Quando criticamos um político, criticamos a sua obra (o resultado da sua acção), e não a sua putativa intencionalidade. Criticar a intenção de alguém é uma tentativa de transformar os critérios de uma determinada subjectividade em lei universal.

O problema da crítica de José Pacheco Pereira a Paulo Portas é o de que se fundamenta em um critério formal; e a forma utilizada está errada porque ele parte de um ataque pessoal — que ainda por cima é um ad Hominem subjectivo, porque o chorrilho de críticas não pode ser demonstrado objectivamente. E mesmo as críticas que possamos considerar objectivas de José Pacheco Pereira a Paulo Portas, acabam por ser autocríticas do próprio José Pacheco Pereira: “Para o político, o que conta é a eficácia e não aquilo em que ele acredita” (Nicolás Gómez Dávila). Esta máxima aplica-se a Paulo Portas e ao José Pacheco Pereira, a não ser que este negue o seu estatuto de político, o que seria uma incoerência.

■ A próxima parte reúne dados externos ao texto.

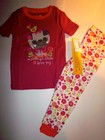 NWT Children's Place Girl Clothing Spring Pajamas Mommy's Little Love Pug Dog 3T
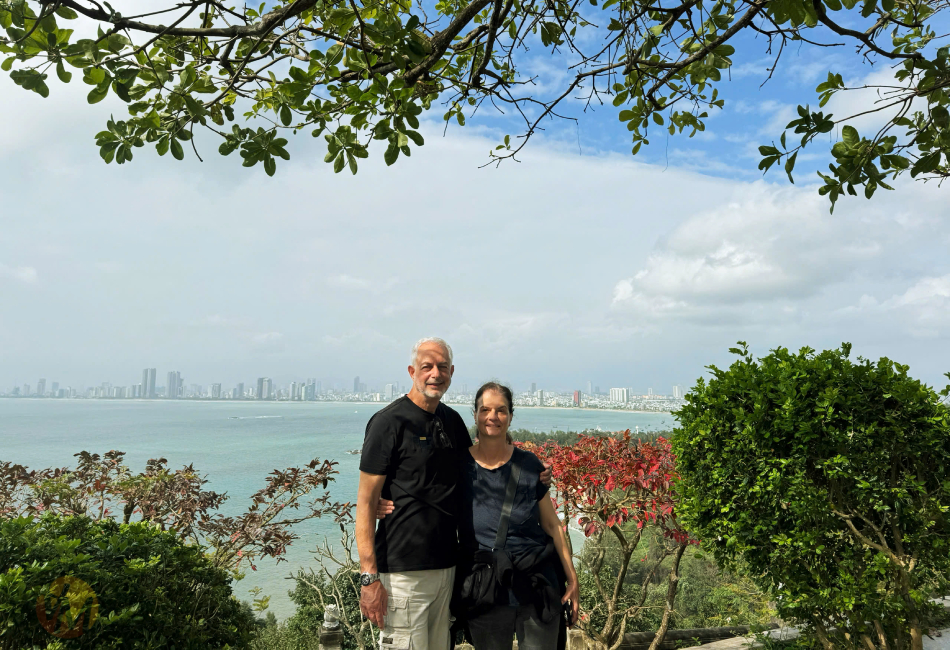 Hoian to Linh Ung Pagoda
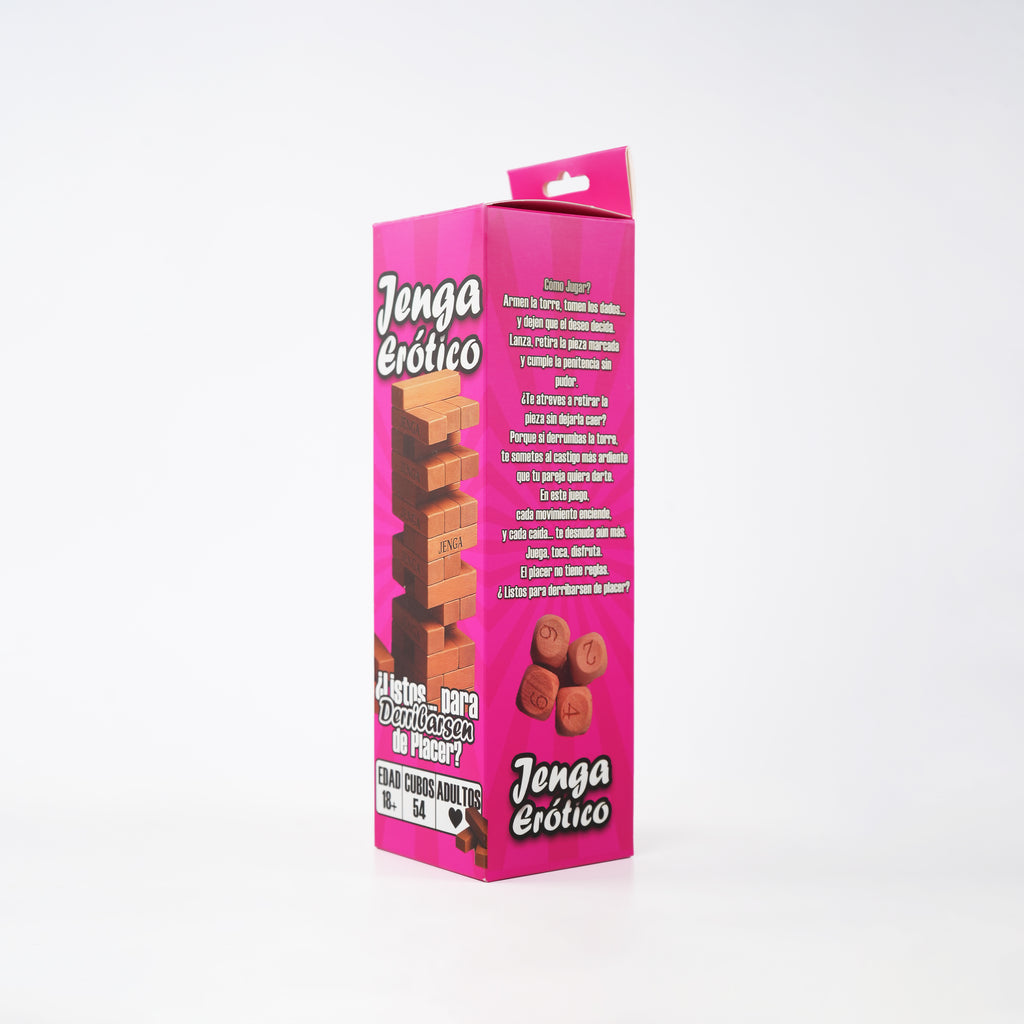 Juego Jenga Erotico - imagen 3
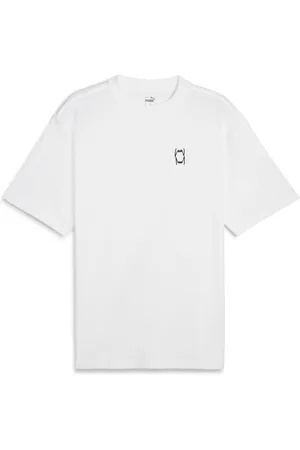 PUMA Playera hombre Pivot 2.0 en Talla Chico en Blanco |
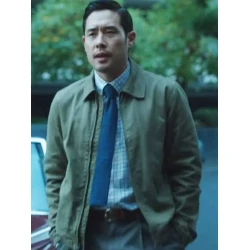 Dr. Ben Quantum Leap S02 Green Jacket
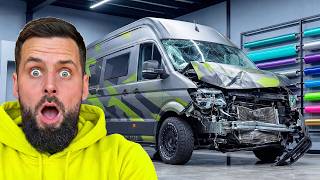 £25,000 Written Off Van To £150,000 Luxury Camper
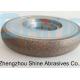 8 Inch Diamond Metal Bond Grinding Wheels For Tungsten Carbide Roll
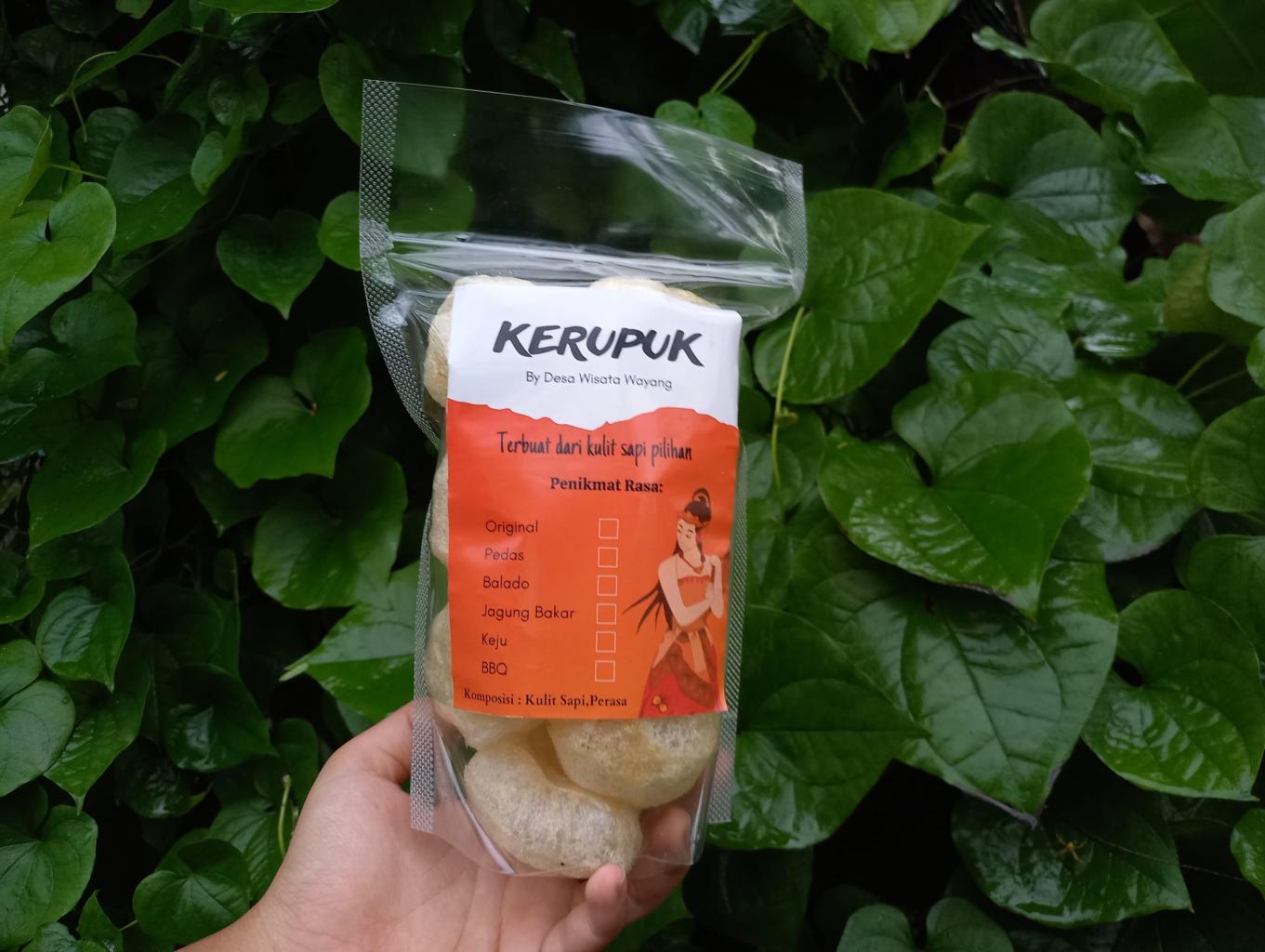 Kerupuk Kulit Sapi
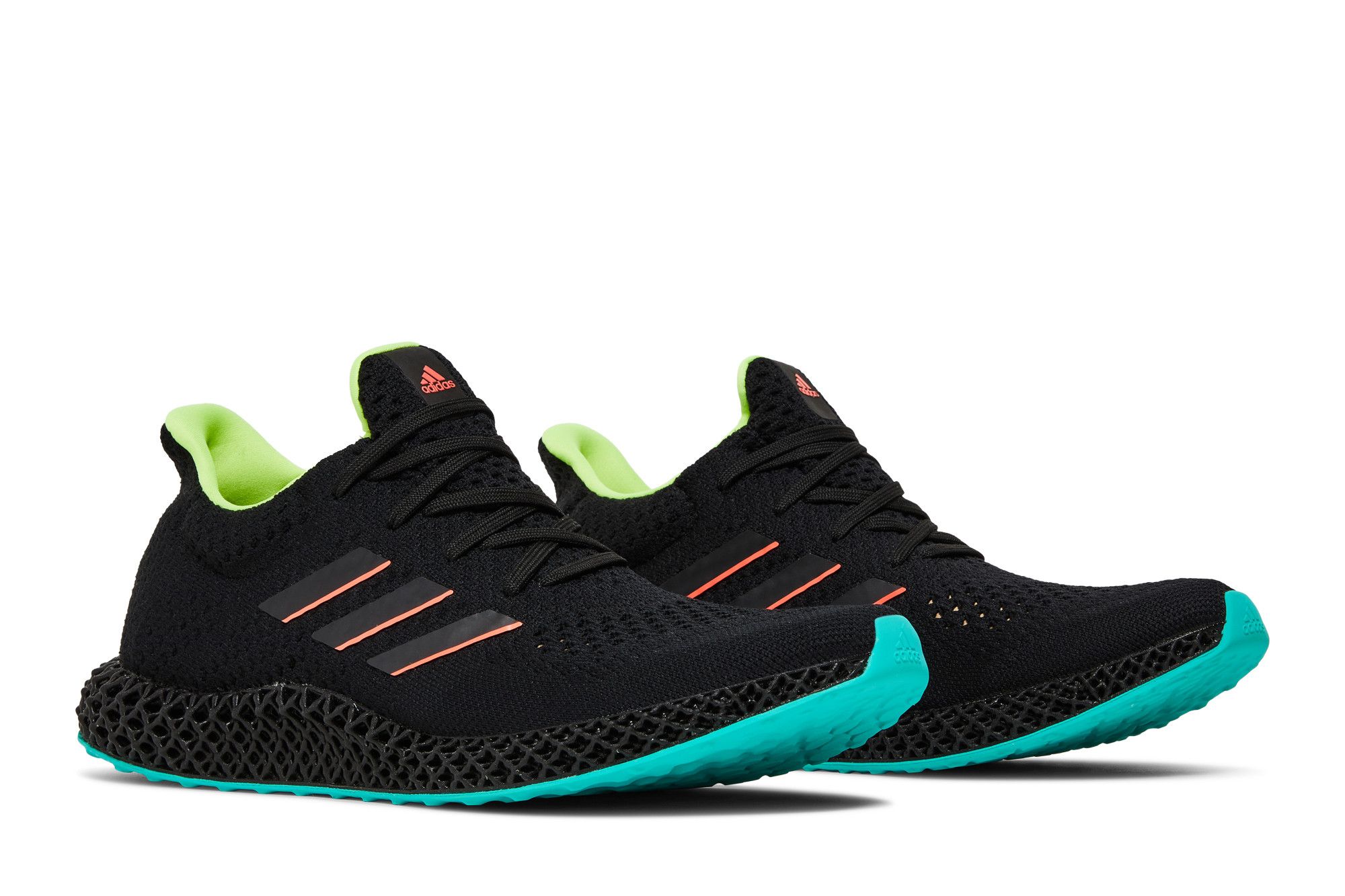 Buy Futurecraft 4D 'Black Carbon Turbo' - GZ8626 | GOAT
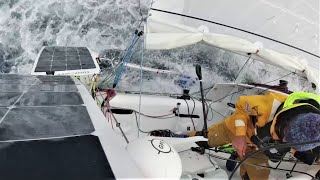 Forced to slow down - Ep129 Part II - The Sailing Frenchman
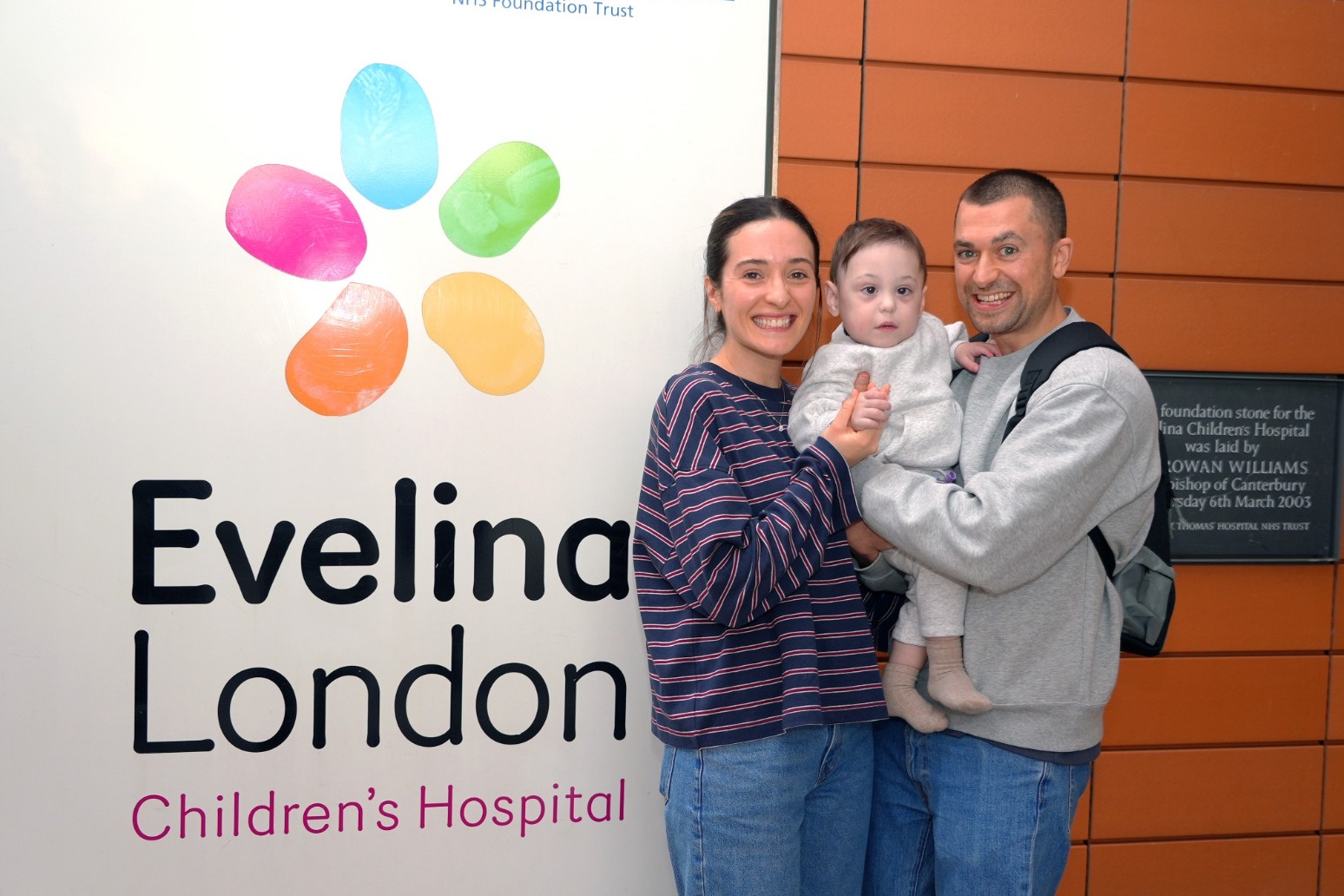 Baby boy who has spent the majority of his life in hospital home for Christmas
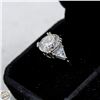 Image 2 : #4694-5.00 CT GRA CERTIFIED ROUND BRILLIANT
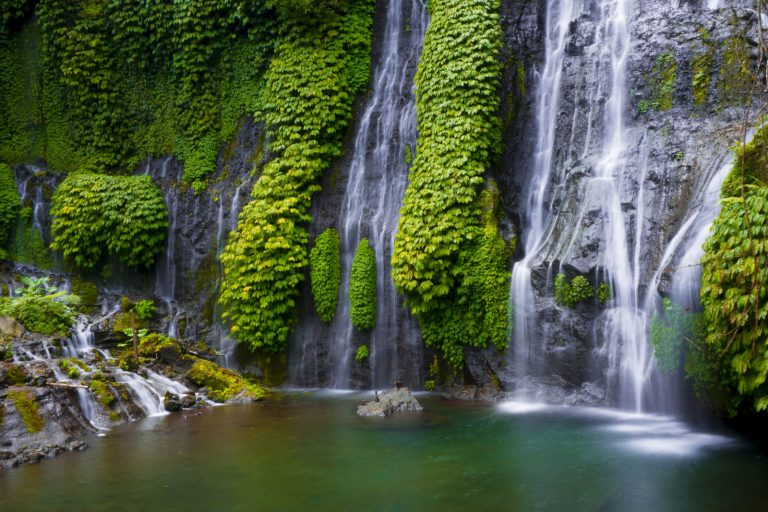 Git Git Waterfall, Buleleng, Bali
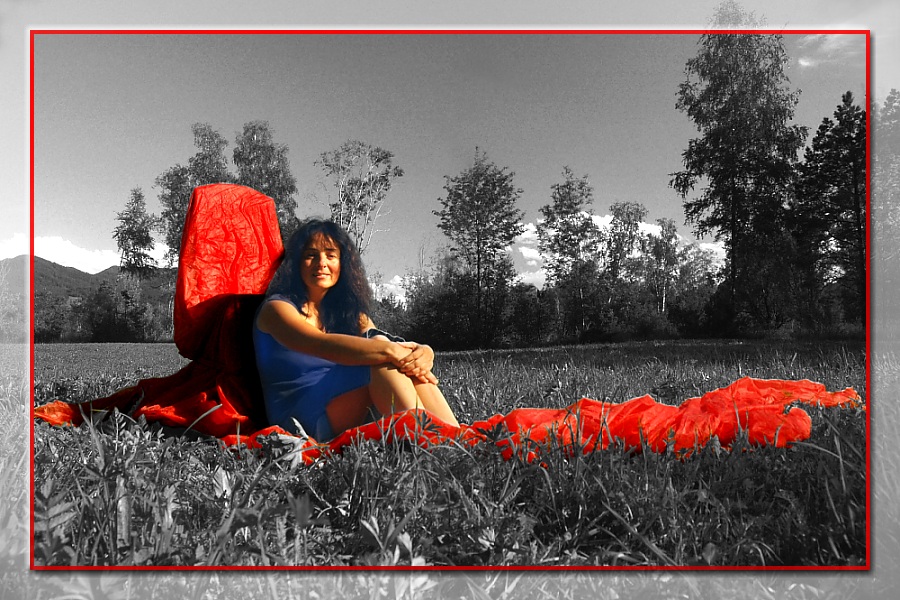 Red Chair Shooting Jutta B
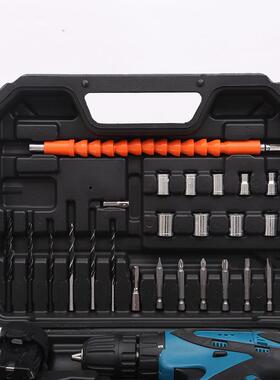 厂家直供电钻套装车载皮革工具套餐批工头套160搬家具to组ols现货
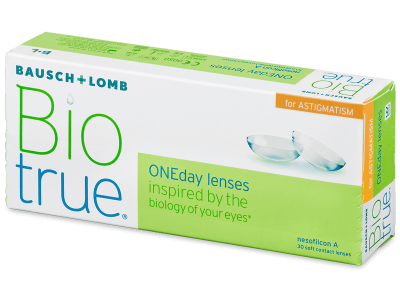 Biotrue ONEday for Astigmatism (30 lentes)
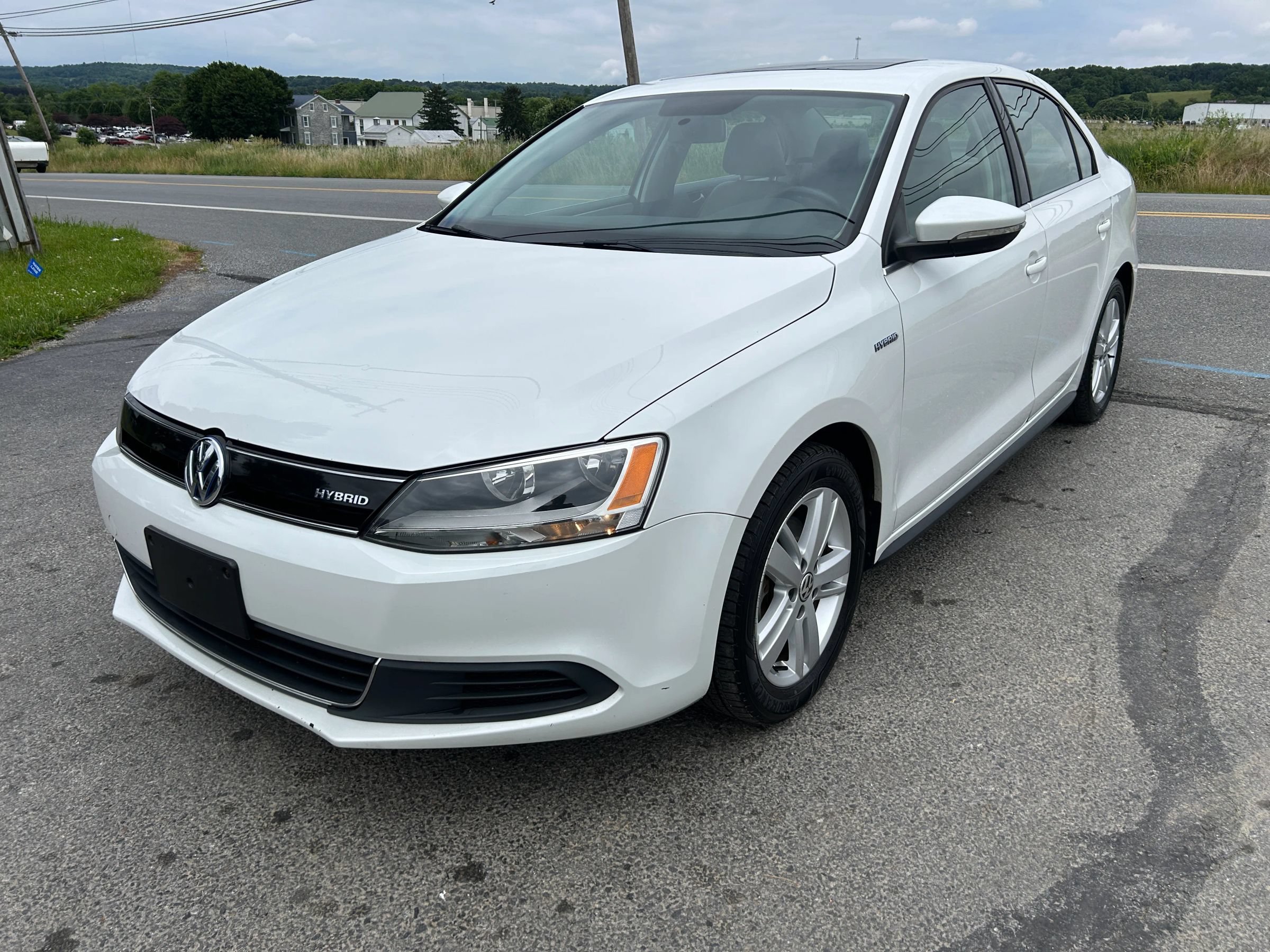 Used 2014 Volkswagen Jetta Hybrid Sedan FWD image 5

Quando criticamos, por exemplo, Passos Coelho, criticamos aquilo que ele diz (objectivamente, depois de o termos ouvido) e o que ele faz (a sua acção). Seria irracional que criticássemos Passos Coelho pela ideia que nós (subjectivamente) temos das putativas intenções dele. E a irracionalidade de José Pacheco Pereira consiste em fazer exactamente o contrário: a crítica dele a Paulo Portas é baseada na sua (do José Pacheco Pereira) subjectividade (vulgo “má-língua”), quando ele poderia concentrar as críticas nos aspectos objectivos da acção de Paulo Portas.

Quando José Pacheco Pereira critica as mudanças de posição políticas (e, eventualmente, de opinião) de Paulo Portas ao longo do tempo, está também a fazer uma autocrítica: se há alguém, na política portuguesa, que não fez outra coisa senão mudar de posição e de opinião ao longo do tempo, foi o próprio José Pacheco Pereira.